Key Responsibilities
1. Data Solution Design & Architecture
Design end to end data engineering solutions using Azure Data Factory, Azure Databricks, PySpark, SQL, and other Azure-native services.
Architect and implement scalable and secure Modern Data Warehouse (MDW) and Lakehouse solutions leveraging Azure Data Lake Storage and Databricks.
Develop data models, integration patterns, and reusable frameworks aligned with best practices and enterprise architecture standards.
Participate in requirement discussions, solution blueprinting, and technical feasibility assessments.
2. Data Pipeline Development
Build and optimize robust, high-throughput ELT/ETL pipelines, enabling ingestion, transformation, and curation of structured, semi structured, and unstructured data.
Integrate data from multiple on premise and cloud based systems, APIs, and third-party sources.
Implement complex transformations using PySpark, ensuring performance efficiency and code modularity.
Build orchestration workflows in ADF, including pipelines, triggers, linked services, integration runtimes, and parameterized datasets.
3. Databricks & PySpark Engineering
Develop scalable transformation scripts using PySpark on Databricks, applying advanced optimizations like caching, partitioning, and Delta Lake capabilities.

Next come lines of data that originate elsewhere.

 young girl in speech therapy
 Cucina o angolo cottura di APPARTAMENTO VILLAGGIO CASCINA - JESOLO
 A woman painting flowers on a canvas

Implement Delta Lake features—ACID transactions, schema enforcement, schema evolution, and time travel—across the data lifecycle.

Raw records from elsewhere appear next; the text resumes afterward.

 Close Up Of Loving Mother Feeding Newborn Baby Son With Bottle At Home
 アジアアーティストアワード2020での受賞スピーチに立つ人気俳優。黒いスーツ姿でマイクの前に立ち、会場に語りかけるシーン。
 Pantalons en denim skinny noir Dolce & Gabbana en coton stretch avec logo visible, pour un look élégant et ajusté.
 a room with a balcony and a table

Perform performance tuning, handling bottlenecks related to cluster configuration, shuffle operations, joins, and parallelization.
Collaborate with platform teams to manage Databricks clusters, jobs, notebooks, and CI/CD integrations.
4. Data Governance, Quality & Security
Implement data quality checks, audit mechanisms, and validation frameworks to ensure data accuracy and consistency.
Ensure compliance with organizational standards for data security, encryption, access control, and data lifecycle management.
Create and maintain technical documentation, data flow diagrams, and operational support guides.
5. Collaboration & Stakeholder Management
Collaborate closely with BI, analytics, and business teams to understand data requirements and deliver reliable, production-ready solutions.
Work with architects, product owners, and cross-functional engineering teams to align technical delivery with business objectives.
Provide guidance and mentoring to junior engineers when required.